2014 Fiscal Year Research-status Report
幸福概念の理論的基盤の再構築―その文化的多様性と歴史的重層性の批判的検討を通じて
Project/Area Number |
25370026
|
Research Institution | Nanzan University |
Principal Investigator |
佐藤 啓介 南山大学, 人文学部, 准教授 (30508528)
|
Co-Investigator(Kenkyū-buntansha) |
福島 清紀 富山国際大学, 地域交流センター, 客員教授 (20228886)
奥田 太郎 南山大学, 人文学部, 准教授 (20367725)
森川 輝一 京都大学, 国際公共政策研究科, 教授 (40340286)
宮野 真生子 福岡大学, 人文学部, 准教授 (40580163)
佐藤 実 大妻女子大学, 比較文化学部, 准教授 (70447671)
|
Project Period (FY) |
2013-04-01 – 2016-03-31
|
Keywords | 幸福 / 倫理学 / 思想史 / 比較哲学 / 不幸 |
Outline of Annual Research Achievements |
本研究では、当初の計画通り、東西の近代思想、政治思想および日本思想、西洋宗教思想の三領域のユニットのもとで、従来の幸福概念の批判的再検討を進めた。25年度の成果にもとづき、26年度においても、コア研究会を計3回実施し、各ユニットごとに研究の経過報告を行うとともに、仏教思想を専門とする研究協力者の招聘により外部からの視点も取り入れつつ、次年度の報告書作成に向けた研究の集約の段階に進んでいる。 東西の近代思想の研究ユニットにおいては、両思想的伝統において幸福の内実がどのように規定され理論づけられてきたのかが集中的に研究され、とりわけ現代の哲学的幸福論との接点と差異とがそれぞれどこにあるのかが明確化された。政治思想・日本思想のユニットにおいては、国家、共同体や家という公私にわたる社会領域において幸福が問われる際、技術や自然といった、間主観的な問題軸を通して幸福を哲学的に問うことの有効性が示された。西洋宗教思想ユニットにおいては、災害に代表される不幸に対してどのように理論的な対応をしてきたかが、幸福論の存立意義を考えるうえで決定的な意義をもつことが明らかにされ、特にキリスト教思想における弁神論の新たな解釈がユニット内の研究者の連携によって示されている。 各ユニット内での調整を行いつつ、全体の共同討議を重ねて相互の共有を図るとともに、これらの研究成果の一部は、各ユニット内の個々の研究者による単著・論文として公刊されている。
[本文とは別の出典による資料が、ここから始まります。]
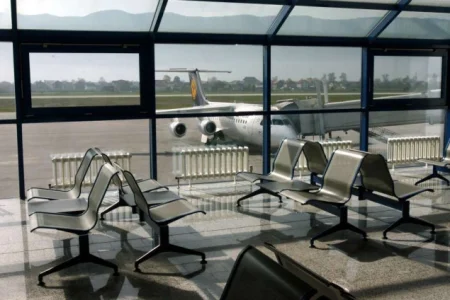 Direktor Aerodroma Frankfurt poručio da Evropa ima dovoljno avionskog goriva za ljetnu sezonu Direktor Aerodroma Frankfurt poručio da Evropa ima dovoljno avionskog goriva za ljetnu sezonu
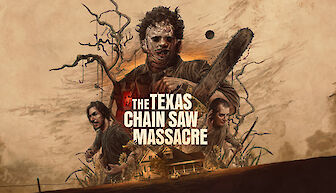 The Texas Chain Saw Massacre (PC, PS4, PS5, Xbox One, Xbox Series)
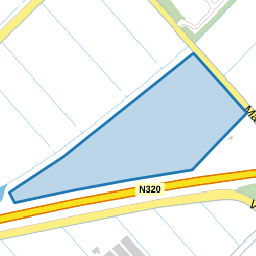 Perceel MRK01-M-1025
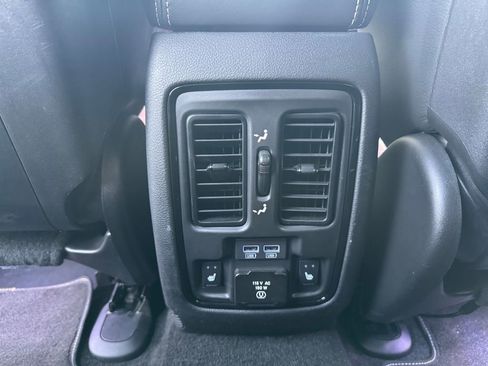 Used 2022 Dodge Durango SRT w/ Black Package image 36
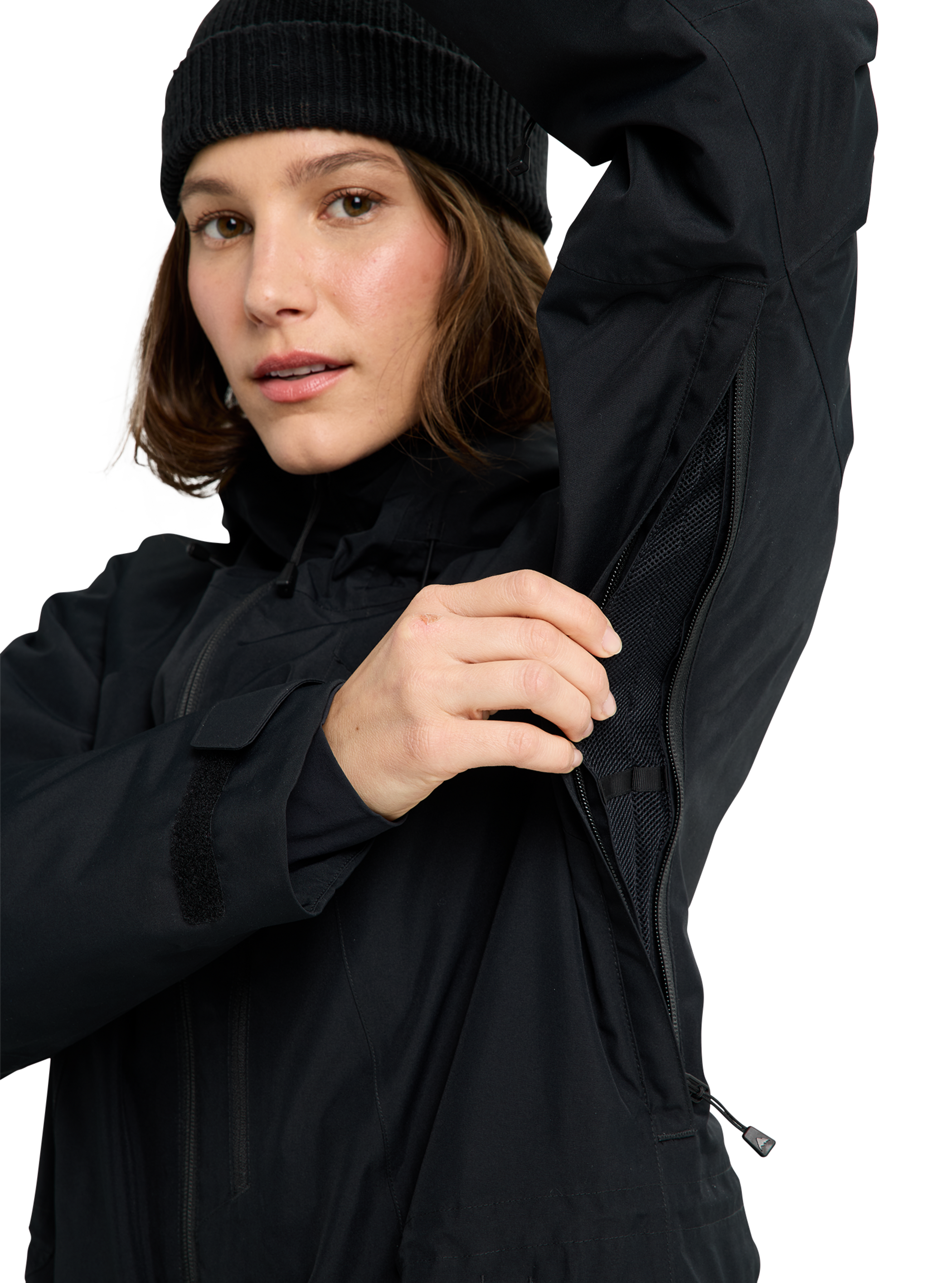 Women's Burton Reserve 2L Insulated Jacket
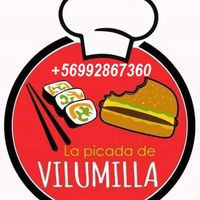 Vilumilla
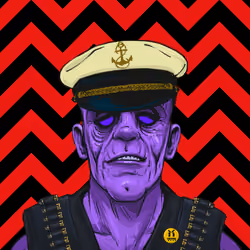 Monster Mash #4352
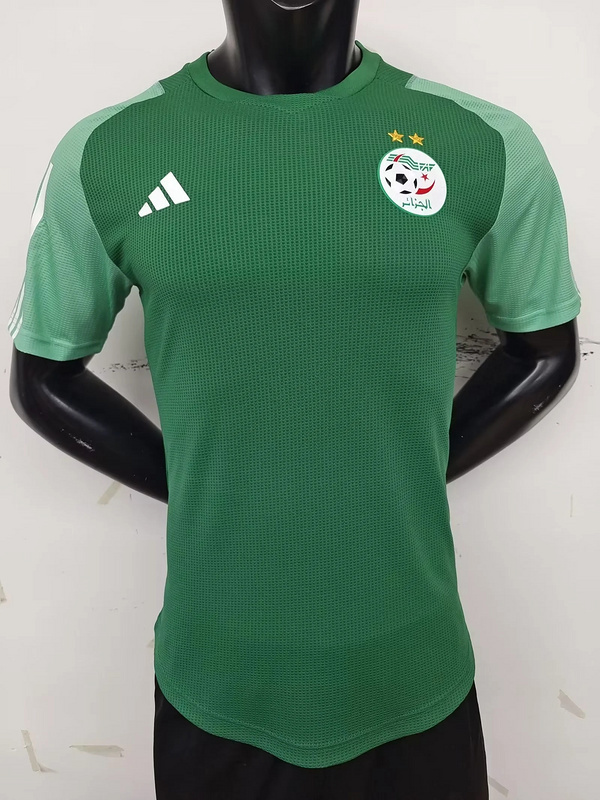maison mihara Algeria 23-24 Green Player version(2ADA)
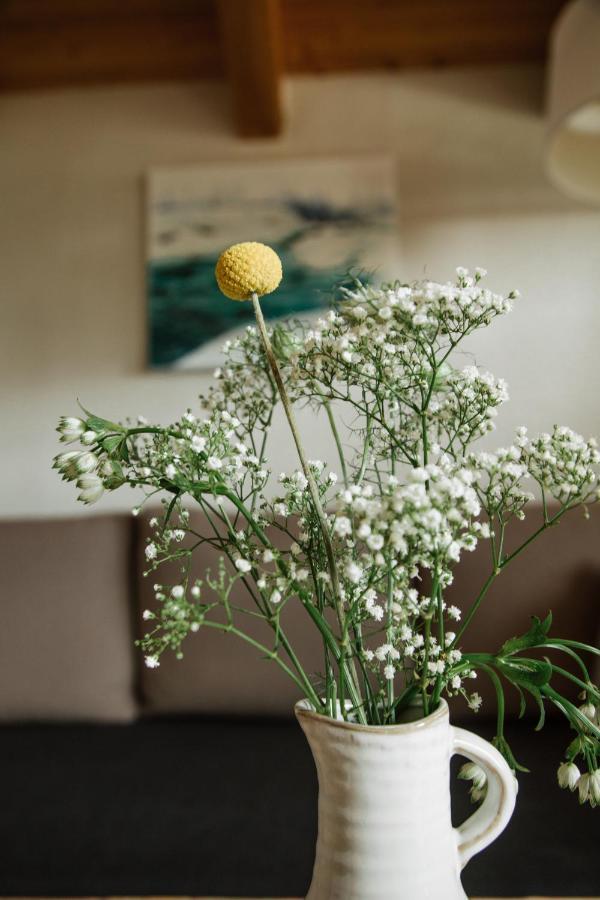 Bio-Landpension Monika ลอยทัช ภายนอก รูปภาพ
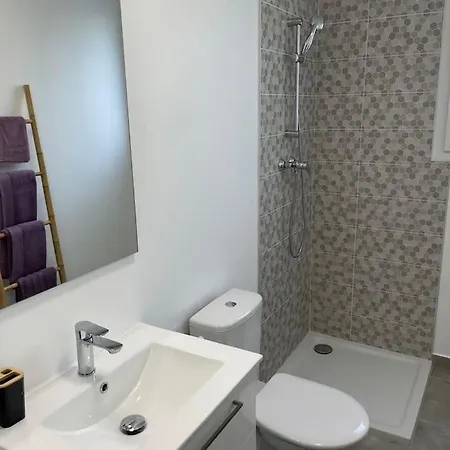 - 4 Apartment
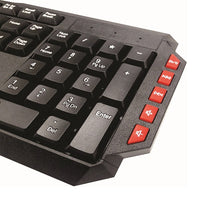 MULTIMEDIA Keyboard Usb Mm007/Mm001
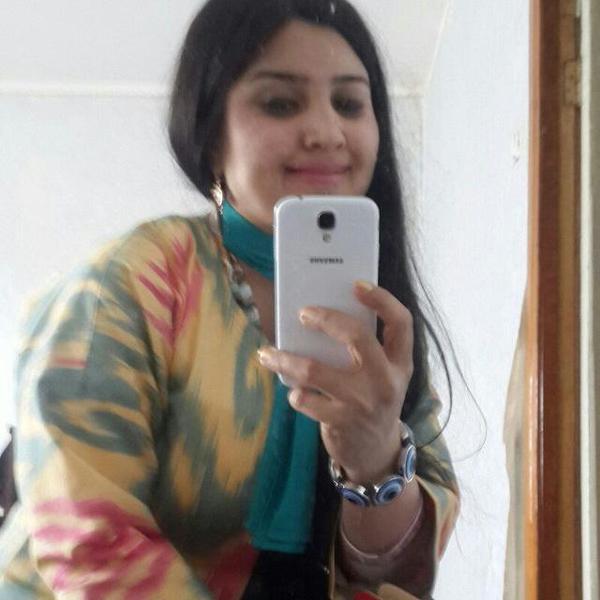 Gulchehra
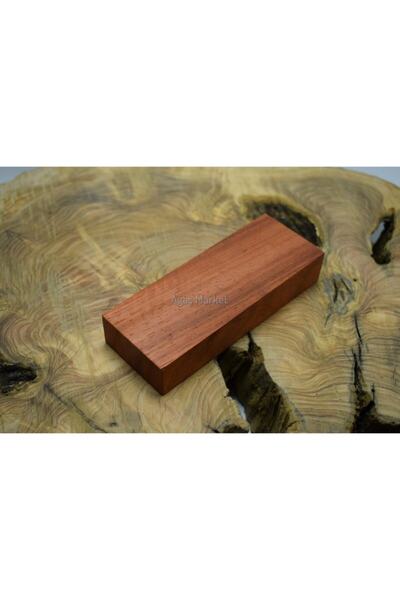 Ağaç Market Kan (paduk) Ağacı-2 2,3cmx5cmx13cm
なお、直接の研究分担者ではないが、上述の研究協力者がコア研究会内にておこなった講演も論文などによって発表されている。
|
Current Status of Research Progress |
Current Status of Research Progress
2: Research has progressed on the whole more than it was originally planned.
Reason
交付申請書に記載した予定に沿い、研究代表者および分担者が所属する各ユニット内での研究課題を遂行し、報告書に向けた論考を準備するとともに、各自の成果を論文等によって発表している。また、予定通り、他分野の研究協力者を交えたコア研究会を3回開催し、研究発表および共同討議を実施できている。研究代表者の所属変更に伴い、成果公開のためのウェブサイト構築のみ遅れがでているが、現在準備中であり、全体としておおむね順調に研究は進展している。
|
Strategy for Future Research Activity |
26年度の研究成果を踏まえ、当初の予定通り、各自が研究を進めながら、2回程度の論考検討会・報告会を実施し、共同成果報告書を完成させる。その成果を公開するとともに、一般向けの共著論文集(現在、すでにその内容を検討中である)を出版し、3年間の共同研究の成果を広く学界内外に問うことを目指す。
|
Causes of Carryover |
研究分担者数名が、3回にわたるコア研究会において、公務ないし体調不良などの理由により日程すべてに参加できないことがあり、その結果、出張に伴う旅費に若干の未使用金額(全体の約2%)が発生した。
|
Expenditure Plan for Carryover Budget |
次年度使用額が発生した各研究分担者において、物品費(主に書籍購入費に充てる)として計上する。